__Action item__. What you produce should be an exact transcription of the data, minus any pictures.

---------- Supplied material ----------

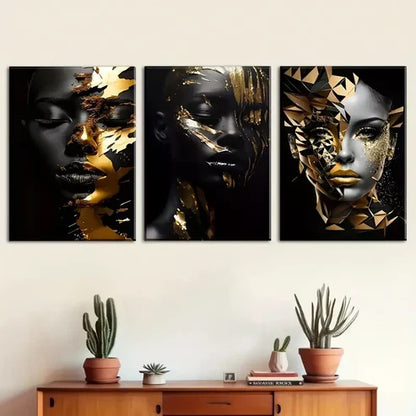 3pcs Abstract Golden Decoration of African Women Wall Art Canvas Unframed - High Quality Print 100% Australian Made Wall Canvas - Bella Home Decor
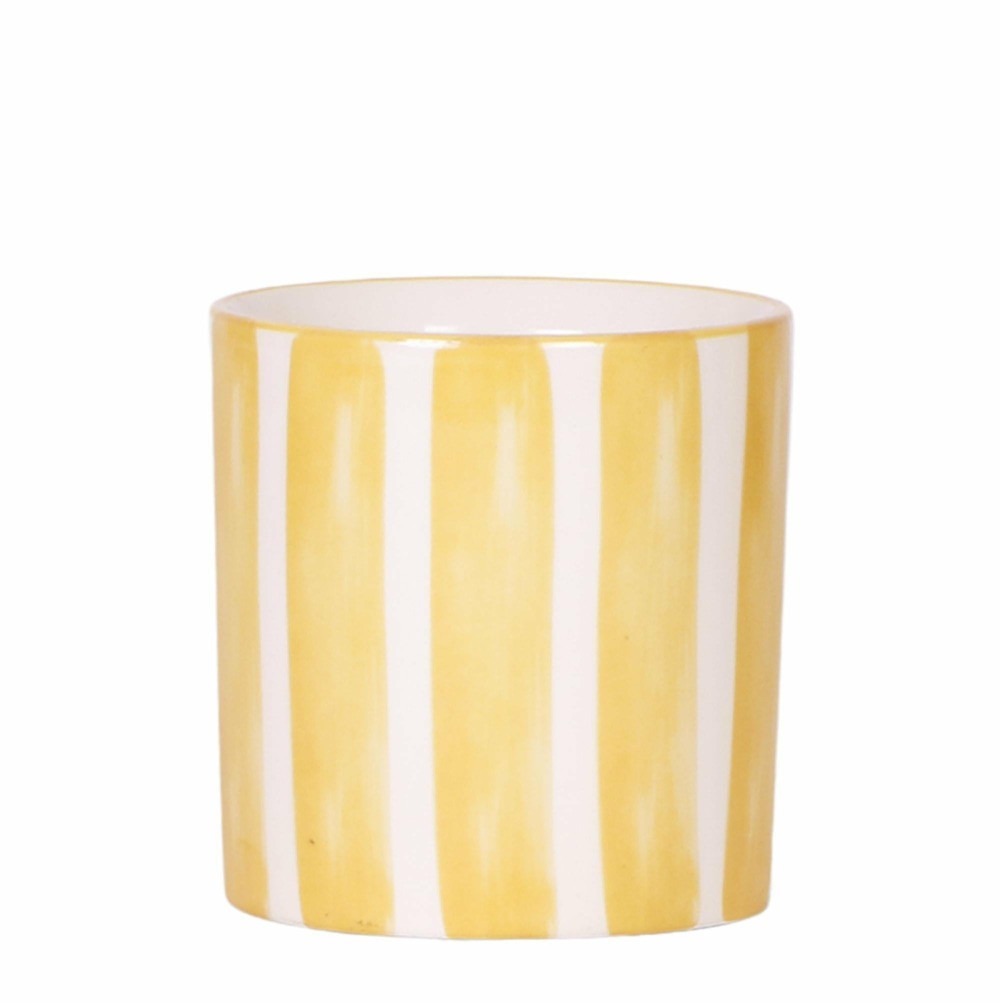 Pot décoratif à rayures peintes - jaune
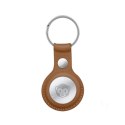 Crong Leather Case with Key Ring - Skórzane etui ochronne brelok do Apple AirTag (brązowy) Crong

----------

__Solution for this exercise__.
 3pcs Abstract Golden Decoration of African Women Wall Art Canvas Unframed - High Quality Print 100% Australian Made Wall Canvas - Bella Home Decor
 Pot décoratif à rayures peintes - jaune
 Crong Leather Case with Key Ring - Skórzane etui ochronne brelok do Apple AirTag (brązowy) Crong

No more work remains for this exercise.